Moving to a More Secure Camp



Daniel Williams of the Washington Post wonders if Iraq can be salvaged. The article is one of the more clear-eyed I have seen:



Some quotes:





' "We could not imagine the deterioration leading to such a point. It's getting worse day after day, and no one has been able to put an end to it. Who is going to protect the next government, no matter what kind it is?" said Abdul Jalil Mohsen, a former Iraqi general and member of the Iraqi National Accord . . '



' "There's no question: A small band of people can paralyze the country," said Mahmoud Othman, an independent Kurdish member of the council. "They are armed and organized and this is the difficulty.
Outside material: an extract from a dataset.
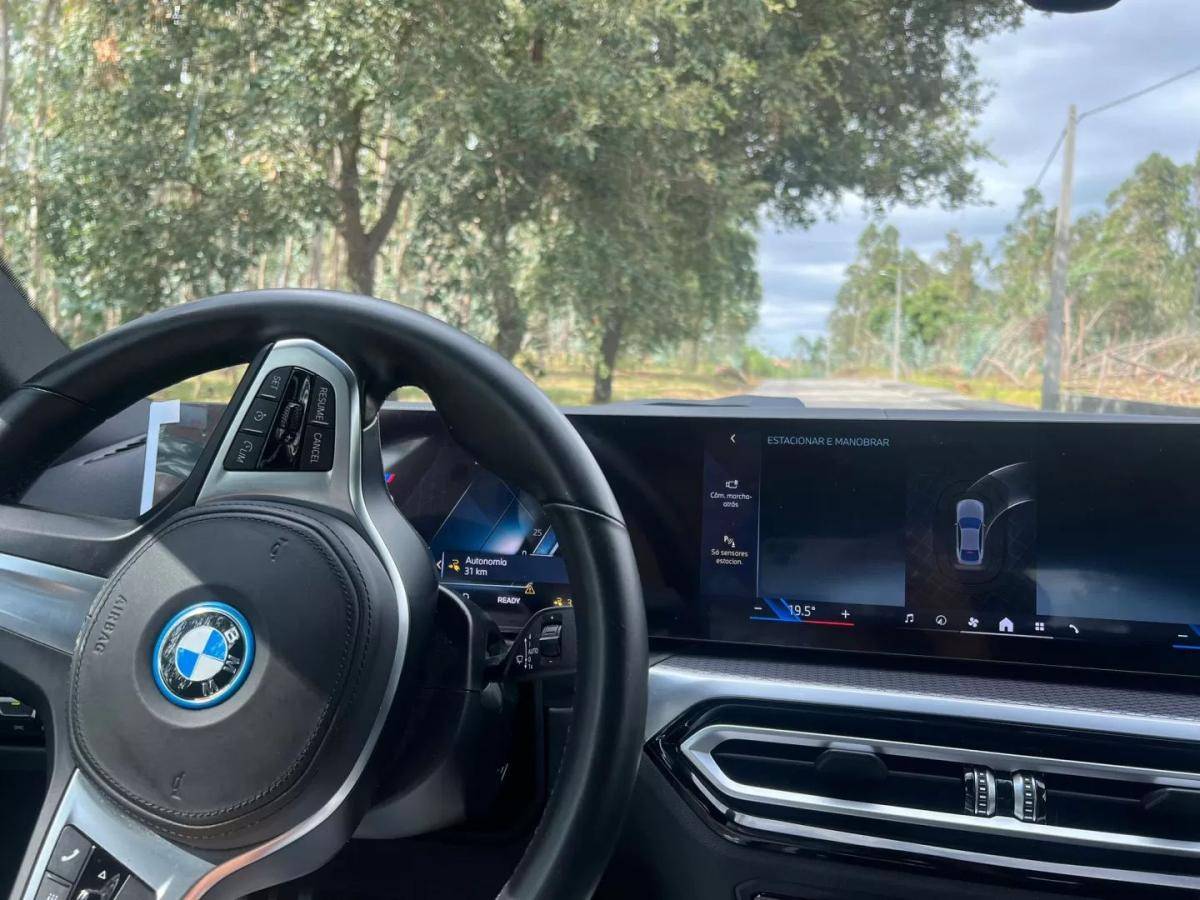 bmw-serie-i-2023-eletrico-200cc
The people who did this have no respect for anything of value. It's a real danger to Iraq, the Iraqis and to an agenda to achieve any kind of democracy." '



' "Just look around," said Bakran Ohan, who sells baby clothes. "Do you see any police? Any soldiers? There is a complete lack of security. It won't change from day to night on June 30." '



' [Gen.] Kimmit denied that the Italians had retreated [from Nasiriyah]. "They just moved to a more secure camp," he said. '





One thing Williams does not bring up is the degree to which much of the turmoil is the direct result of poor American decision-making. The decision to dissolve the Iraqi army. The decision to try to arrest Muqtada al-Sadr. Decisions, the rationale of which most observers would have difficulty seeing. The whole Iraq enterprise has been run from the beginning as a plot, with no transparency and all kinds of ulterior motives, and that is what has sunk it.